I felt nothing but envy.
Having slept in wet meadows,
I was not through desiring.
Imagine January and the beach,
a bleached sky, gulls. And
look seaward: what is not there
is there, isn’t it, the huge
bird of the first light
arched above first waters
beyond our touching or intention
or the reasonable shore.
Don’t know how long I’ve thought of my scribbles as messages in bottles. It’s hard to come to terms with what truly underlies a certain disappointment, a certain longing, but Hass has done an admirable job in this poem.
The first four lines situate our speaker in what looks like a broken relationship. “I’ve watched memory wound you. / I felt nothing but envy” reads like the all-too-personal drama which can’t be understood from outside the relationship, much less within it. There’s nothing but envy, the thought that someone is doing well without you while you can’t do without them. To a degree, watching them hurt is all that’s left of love. Hass adds a curious wrinkle to this portrait: “Having slept in wet meadows / I was not through desiring.” The speaker is homeless, rootless, lost in nature. But that indicates something is natural about his being soaked in desire, in what might seem initially his artificial and awful expectations.

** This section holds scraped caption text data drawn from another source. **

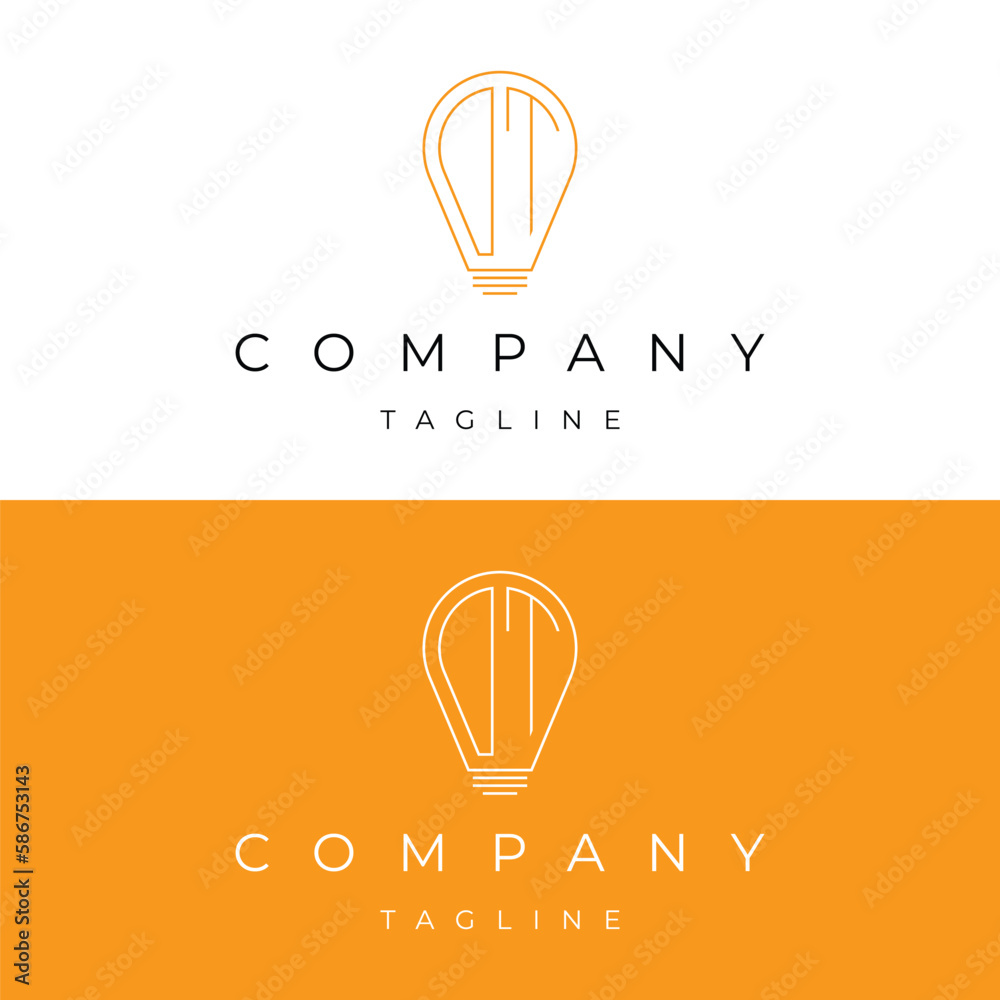 Letter DT initial lamp solution bulblight icon logo design vector template Letter DT initial lamp solution bulblight icon logo design vector template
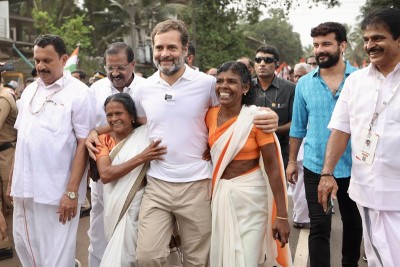 Rahul Gandhi at Bharat Jodo Yatra in Wayanad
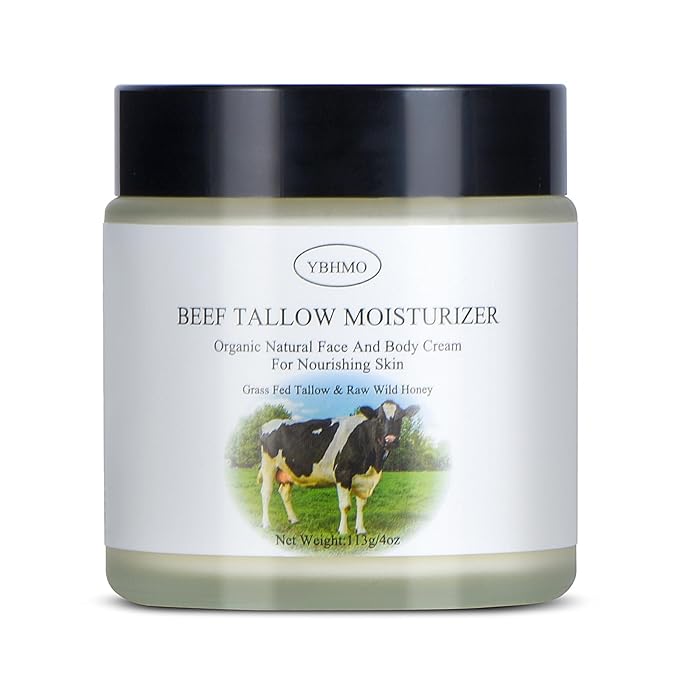 Beef Tallow Moisturizer,Beef Tallow for Skin,Organic Grass Fed Beef Tallow with Raw Honey Moisturizing Cream, Whole Body & Face Moisturizer（4oz）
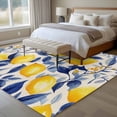 thumbnail image 4 of Yellow Lemon Area Rug 5x8 FT, Non Slip Bedroom Throw Carpet, Blue Leaf Vintage Botanical Summer Spring Washable Soft Floor Carpet Non-Shedding Rug for Living Room Nursery Dorm Office, 4 of 9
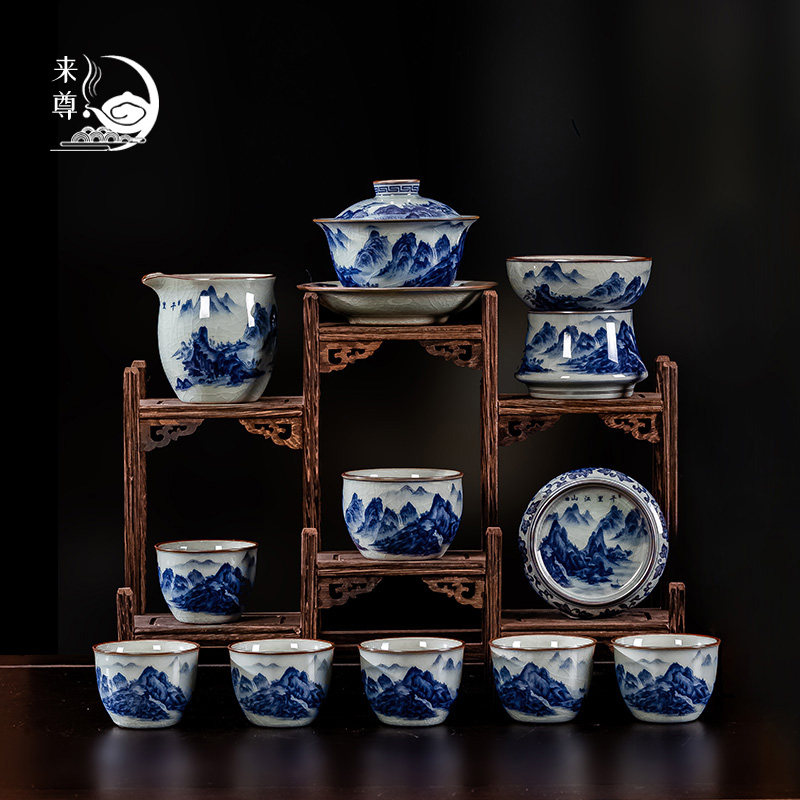 景德镇青花瓷盖碗茶杯功夫茶具小套装陶瓷泡茶碗家用办公会客整套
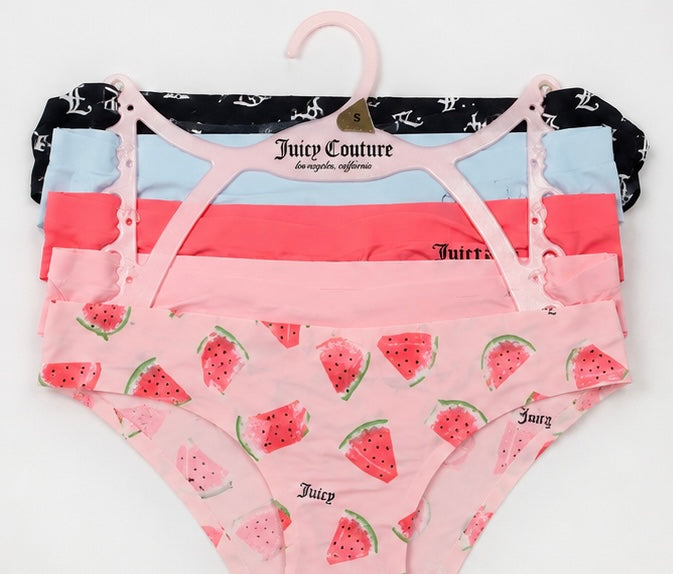 Juicy Couture Women’s 5-Pack Seamless No-Show Panties – Size S, Assorted Colors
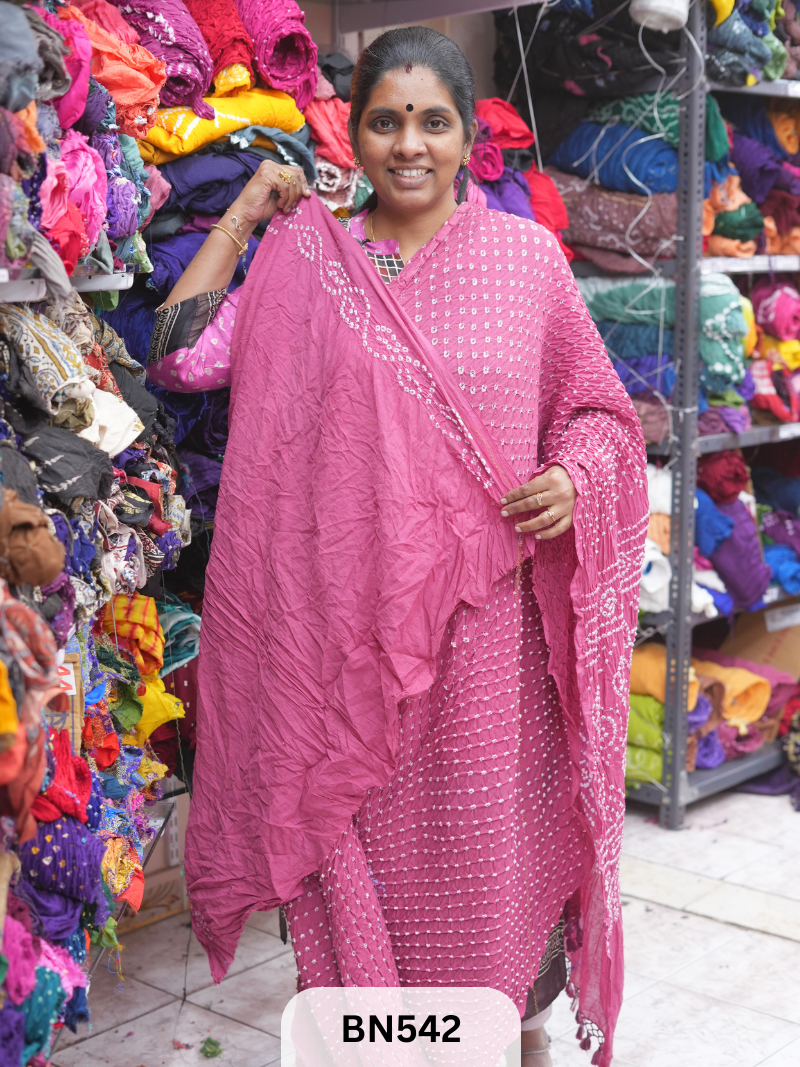 MUL COTTON HEAVY BANDHEJ SAREE WITH JARI TUSSLES
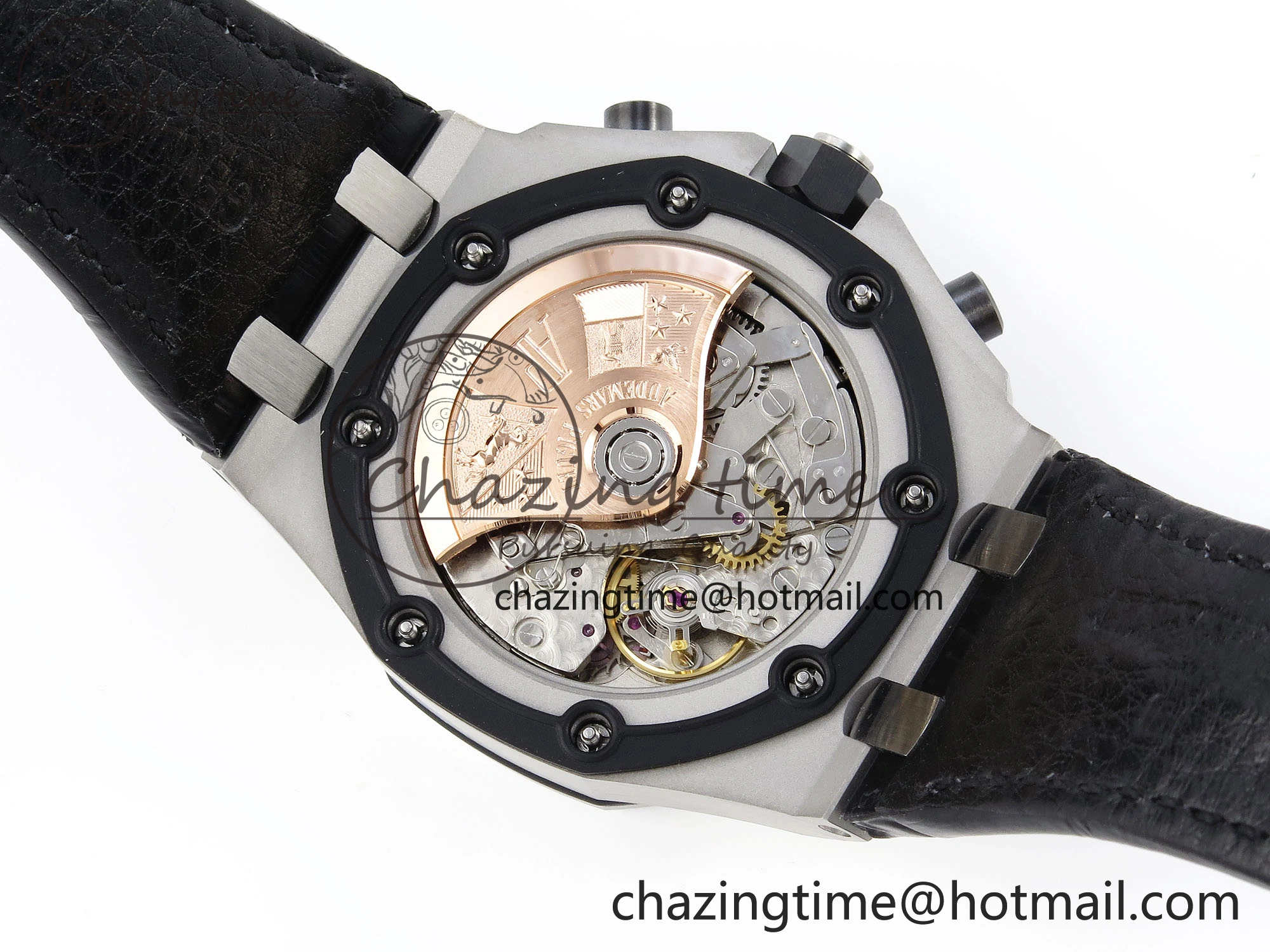 ROYAL OAK OFFSHORE 42MM SS APF 1:1 BEST EDITION BLACK DIAL WHITE MARKERS CERAMIC BEZEL ON BLACK RUBBER STRAP A7750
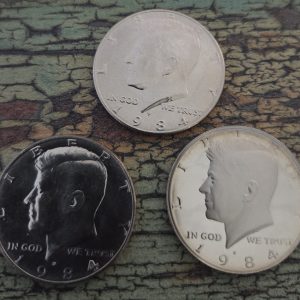 1984-P, 1984-D, 1984-S KENNEDY CLAD HALF DOLLAR SET UNCIRCULATED MS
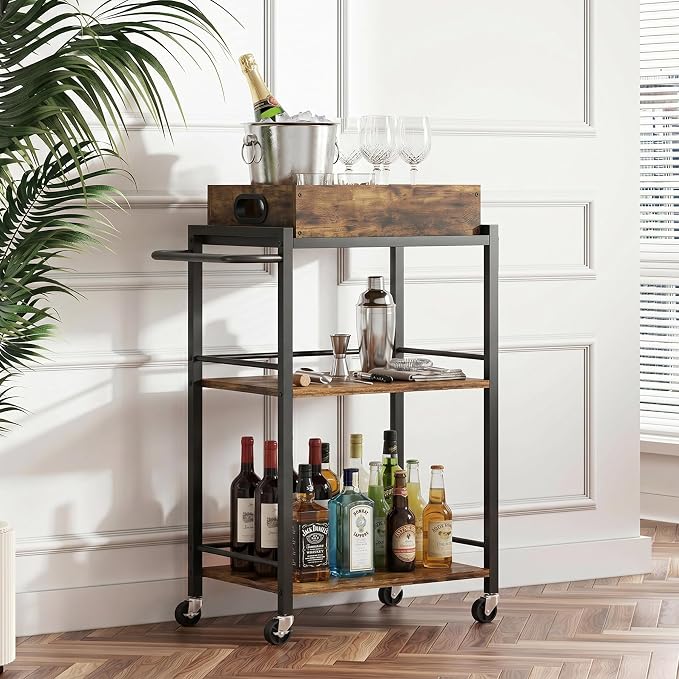 3-Tier Rolling Bar Cart with Removable Tray for Home Kitchen | Rolling Wheels with Handle, 3-Tier Storage, Removable Serving Tray, Sturdy Frame, Multi-Purpose for Kitchen & Bar Use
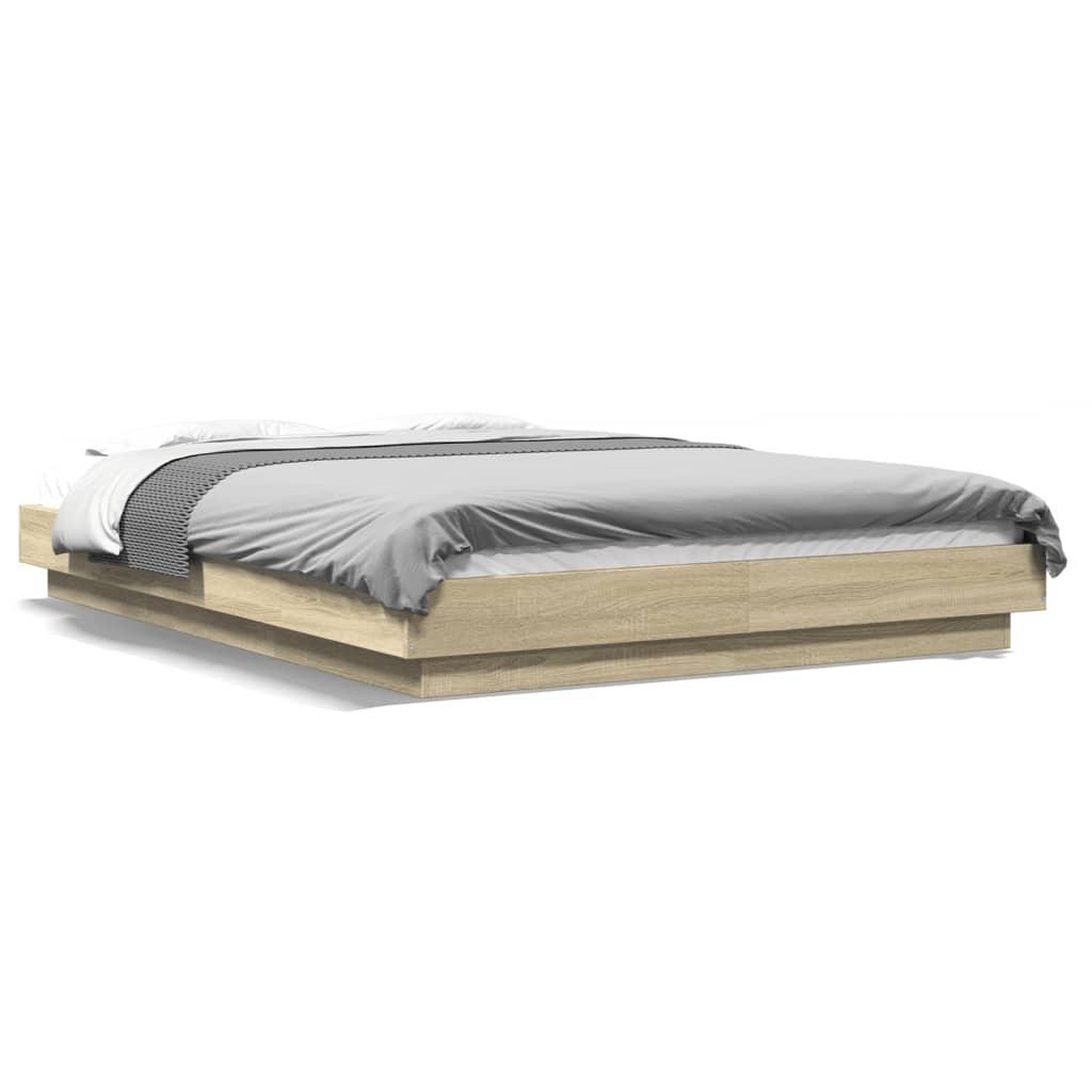 Voir la diapositive 2 : VIDAXL Cadre de lit sans matelas chene sonoma 140x200 cm
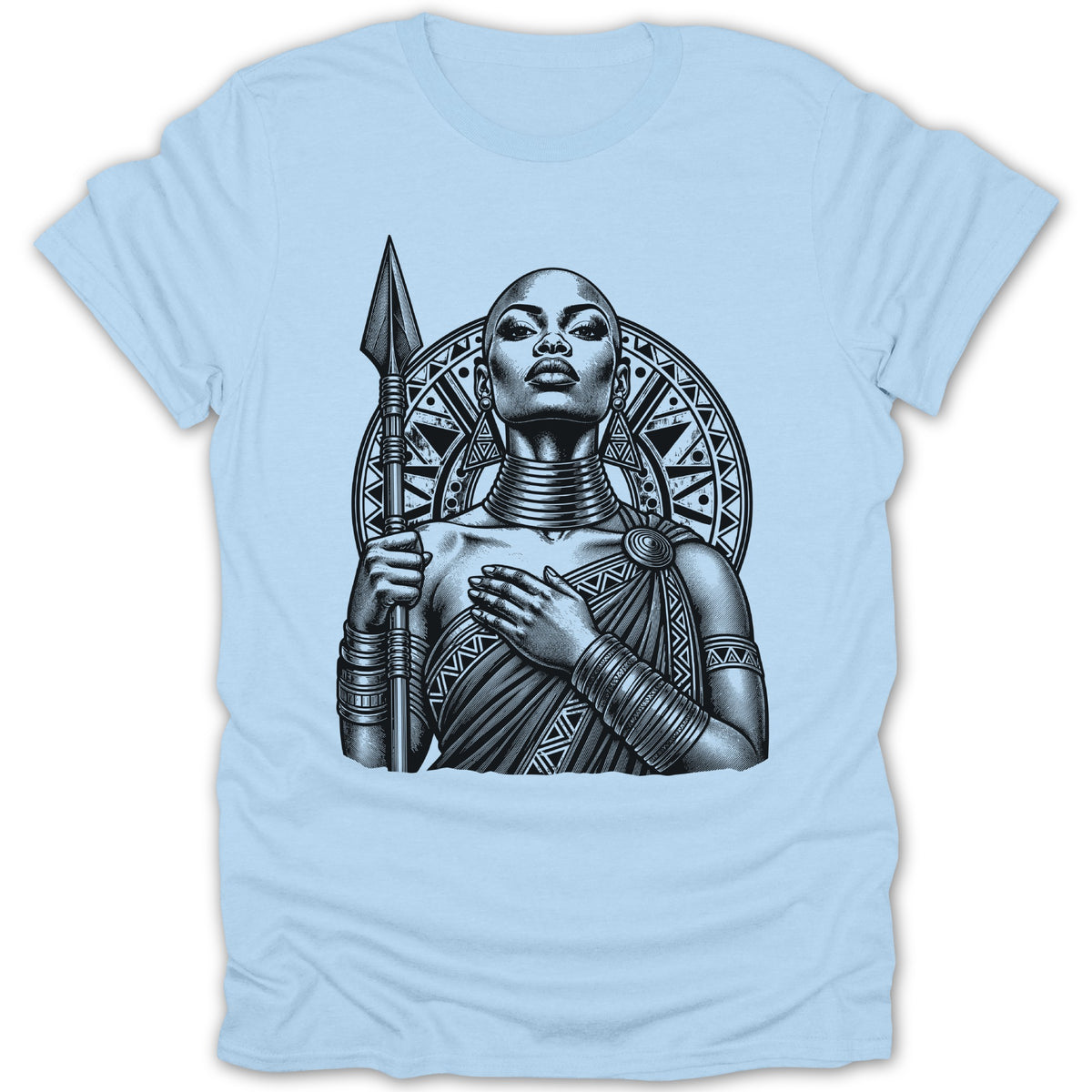 Black and white illustration of a woman holding a spear, wearing traditional jewelry and clothing.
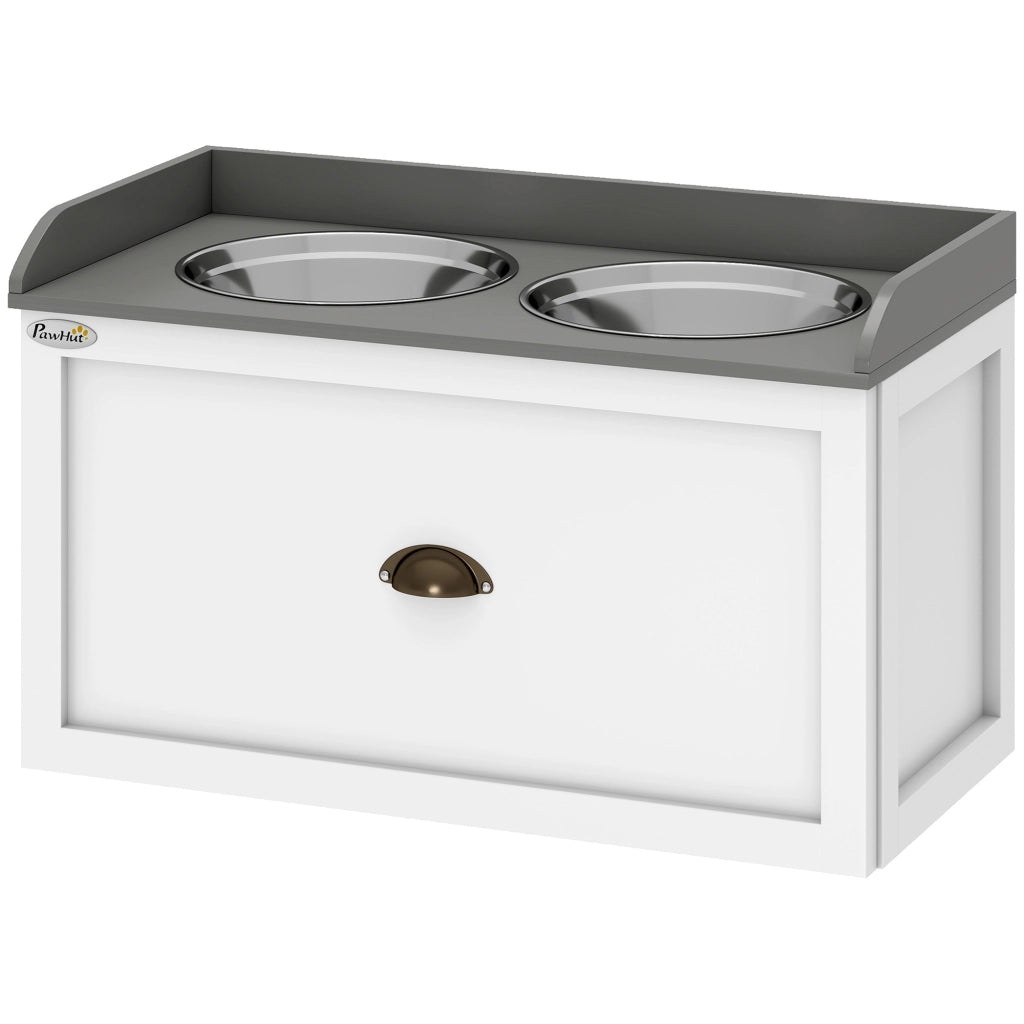 Ciotole per Cani Rialzate in Acciaio Inox e Legno con Cassetto, 60x30x36cm, Bianco e Grigio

Imperatives lead the way to the speaker’s realization. First, “imagine January and the beach, a bleached sky, gulls.” The scene is stark; winter does not necessarily herald the beginning of spring. Instead of growth or joy, the feeling is that of a drained sky populated by scavengers. Yet we also recognize a beauty in this scene. That brings about the second imperative: “And look seaward: what is not there is there, isn’t it, the huge bird of the first light arched above first waters…”
The two imperatives are really one. Going elsewhere and looking, trying to see beyond one’s own pain, is a matter of survival. It’s easy to romanticize the power of stepping forth in this small way. “The huge bird of the first light arched above first waters” vaguely recalls Creation, a world born from divine love. We might be tempted to say the speaker has realized his place in the cosmos and is humbled. It’s not quite that simple, though. He knows himself to be resentful, but the outstanding question is why he was petty and angry in the first place.
Love means something can be lost. It means there are things at stake, that things may not work out. It means there are expectations and longings, and there always have been expectations and longings. “What is not there is there, isn’t it” is the speaker talking to his particular audience, trying to show her what he sees. I don’t think he’s doing this for the sake of attempting to repair a broken relationship. It didn’t work out not because “it wasn’t meant to be,” but precisely because it could have been. Our seemingly petty pains come from a very real sense of loss, from our attempting to create a better world for ourselves and others.
Thus a gull in the early morning, when the water is calm, appears momentous. We hurt and try and create for difficult reasons. We let go because difficulties can become insurmountable. To let go doesn’t always have to be angry, obsessed with the justice of one’s cause. When you realize we’re each trying to create something for ourselves, the world is a blank slate with something bittersweet and hopeful about it. A desire flies away, beyond touch, beyond any specific intent, beyond our reason but glimpsed by our reason, to be possibly understood later.